Ellipse and chord length There is a analytic geometry problem:

In the ellipse $\frac{x^2}{4}+y^2=1$, segment $AB$ is a chord and $AB=\sqrt{3}$, find the maximum and minimum area of $\triangle AOB$.


My progress
Assume $A(x_1,y_1),B(x_2,y_2)$, we have
$$ \left\{ 
\begin{array}{}
(x_1-x_2)^2+(y_1-y_2)^2=3 \\
\frac{x_1^2}{4}+y_1^2=1 \\
\frac{x_2^2}{4}+y_2^2=1
\end{array}
\right.$$
And
$$ S_{\triangle AOB}=\frac{1}{2}(x_1y_2-x_2y_1)$$
After a complicated simplify, I got
$$ \frac{3}{4}x_1^2+\frac{3}{4}x_2^2-2x_1x_2-\frac{\sqrt{16-4x_1^2-4x_2^2+x_1^2x_2^2}}{2}=1$$
and the target $\frac{1}{2}(x_1y_2-x_2y_1)$ turned to
$$ \frac{\sqrt{4x_1^2-x_1^2x_2^2}-\sqrt{4x_2^2-x_1^2x_2^2}}{2}$$
It likely is a conditional extremum problem and I don't know what to do next.
 A: 
It likely is a conditional extremum problem and I don't know what to do next.

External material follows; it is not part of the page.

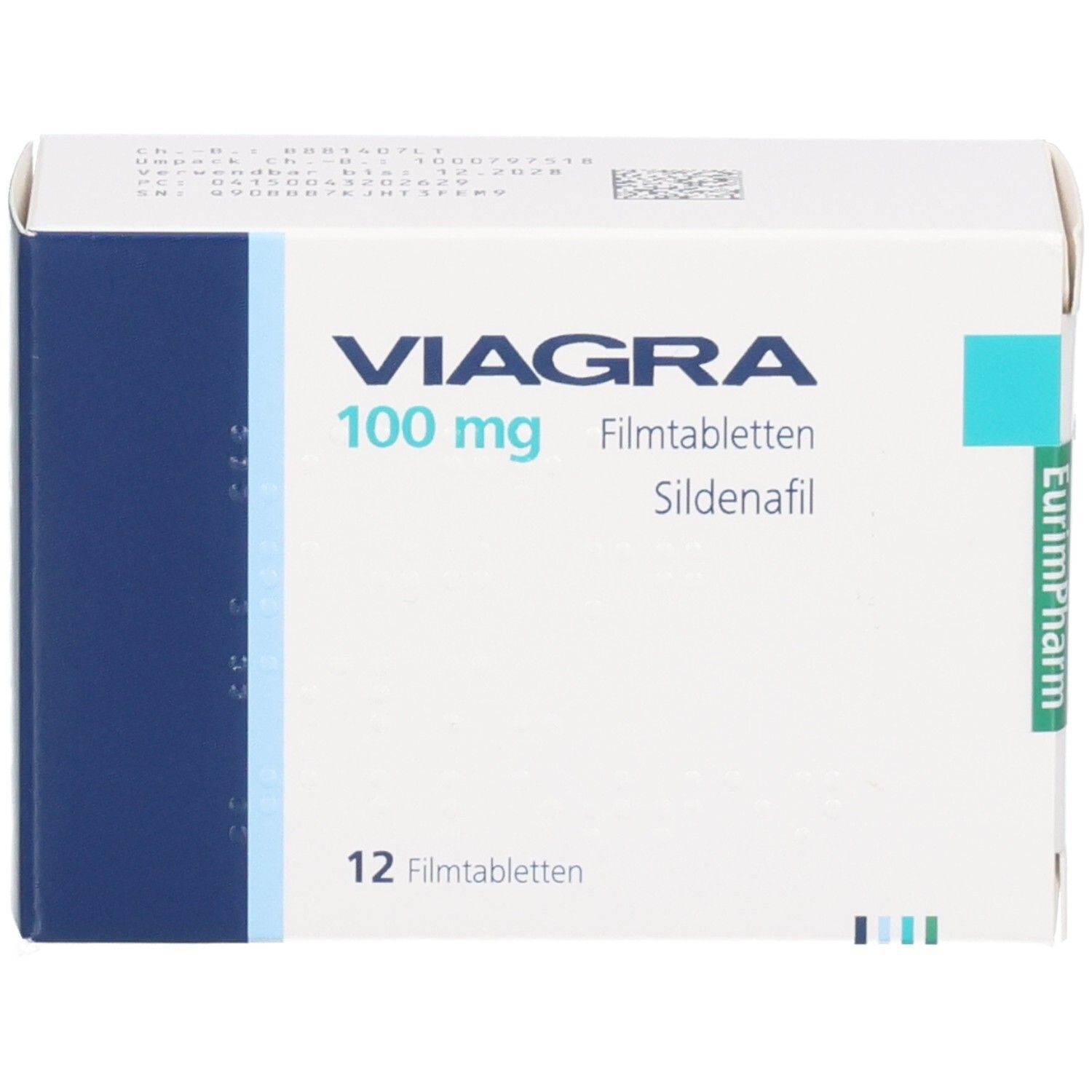 Viagra 100 mg Filmtabletten Sildenafil, 12 Stück, Vorderansicht.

I don't know what to do next either.
So, let us take another approach.
If the line $AB$ is parallel to $y$-axis, we can easily see that the area of the triangle is $\sqrt 3/2$.

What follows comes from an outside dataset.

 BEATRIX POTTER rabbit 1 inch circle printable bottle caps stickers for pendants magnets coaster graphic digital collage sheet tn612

If the line $AB$ is not parallel to $y$-axis, we can set $AB : y=ax+b$.
Then, 
$$\frac{x^2}{4}+(ax+b)^2=1\iff (4a^2+1)x^2+8abx+4b^2-4=0$$
Let $\alpha,\beta$ be the $x$ coordinates of $A,B$. Then,
$$\alpha+\beta=\frac{-8ab}{4a^2+1},\quad\alpha\beta=\frac{4b^2-4}{4a^2+1}$$
Now, we can write
$$\sqrt 3=AB=\sqrt{(\alpha-\beta)^2+((a\alpha+b)-(a\beta+b))^2}$$
Squaring the both sides gives
$$3={(a^2+1)((\alpha+\beta)^2-4\alpha\beta)}={(a^2+1)\left(\left(\frac{-8ab}{4a^2+1}\right)^2-4\frac{4b^2-4}{4a^2+1}\right)}$$
and so 
$$b^2=\frac{16a^4+56a^2+13}{16(a^2+1)}$$
Let $S$ be the area of the triangle. Then, 
$$S^2=\left(\frac{\sqrt 3}{2}\cdot\frac{|a\cdot 0-0+b|}{\sqrt{a^2+1}}\right)^2=\frac{3b^2}{4(a^2+1)}=\frac{3(16a^4+56a^2+13)}{64(a^2+1)^2}:=f(a)$$
$$f'(a)=\frac{9a(5-4a^2)}{16(a^2+1)^3}=0\iff a=0,\pm\frac{\sqrt 5}{2}$$
Hence, the maximum of $f(a)$ is $f(\pm\sqrt 5/2)=1$, and the minimum of $f(a)$ is $f(0)=39/64$.
Therefore, the maximum area of the triangle is $\color{red}{1}$, and the minimum area is $\color{red}{\sqrt{39}/8}$.